**Task description:** Copy the opening lines of the listing exactly, through and including the line with "Hi and welcome"; do not copy any pictures.

**Recorded information:**
***
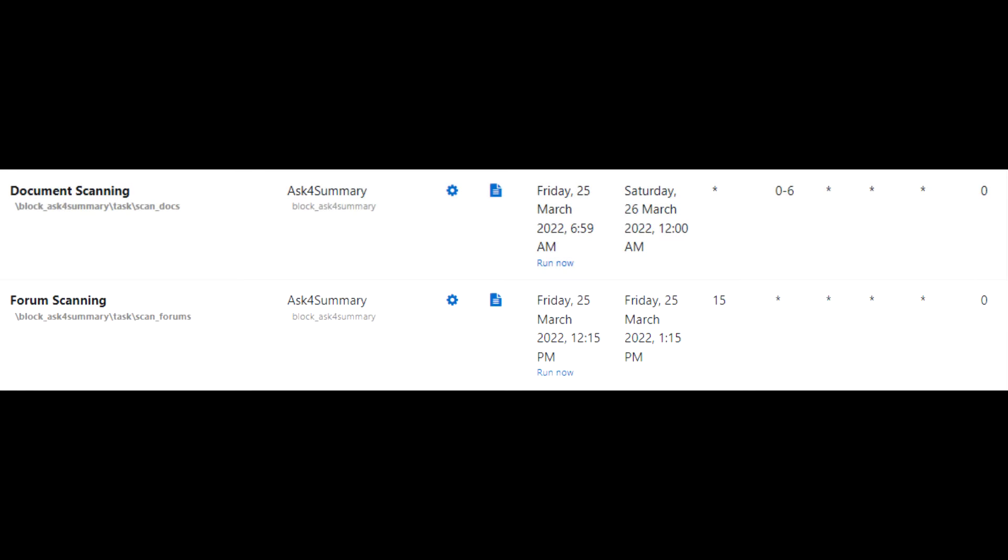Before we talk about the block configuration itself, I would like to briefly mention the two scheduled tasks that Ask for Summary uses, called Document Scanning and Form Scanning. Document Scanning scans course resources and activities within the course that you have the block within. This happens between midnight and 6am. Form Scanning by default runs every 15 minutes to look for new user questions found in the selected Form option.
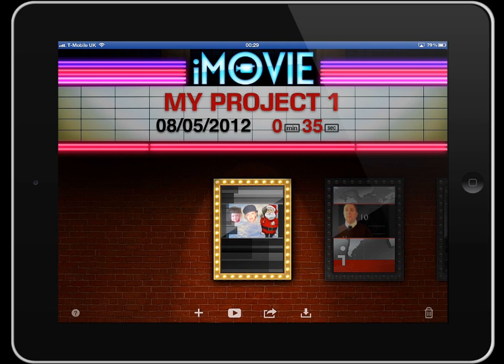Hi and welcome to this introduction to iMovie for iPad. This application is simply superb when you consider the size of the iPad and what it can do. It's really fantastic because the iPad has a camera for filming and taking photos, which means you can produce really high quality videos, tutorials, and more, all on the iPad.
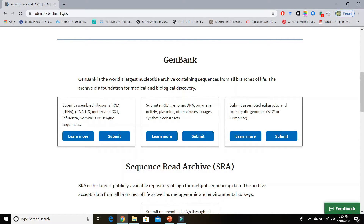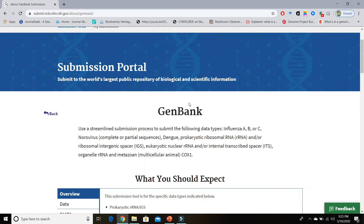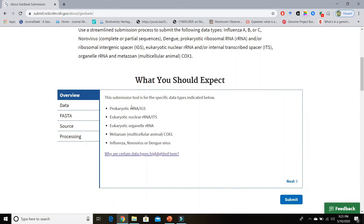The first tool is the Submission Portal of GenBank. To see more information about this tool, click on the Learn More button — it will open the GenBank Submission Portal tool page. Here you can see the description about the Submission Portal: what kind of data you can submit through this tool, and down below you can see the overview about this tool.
***
**Result for this task:**
Before we talk about the block configuration itself, I would like to briefly mention the two scheduled tasks that Ask for Summary uses, called Document Scanning and Form Scanning. Document Scanning scans course resources and activities within the course that you have the block within. This happens between midnight and 6am. Form Scanning by default runs every 15 minutes to look for new user questions found in the selected Form option.
Hi and welcome to this introduction to iMovie for iPad. This application is simply superb when you consider the size of the iPad and what it can do. It's really fantastic because the iPad has a camera for filming and taking photos, which means you can produce really high quality videos, tutorials, and more, all on the iPad.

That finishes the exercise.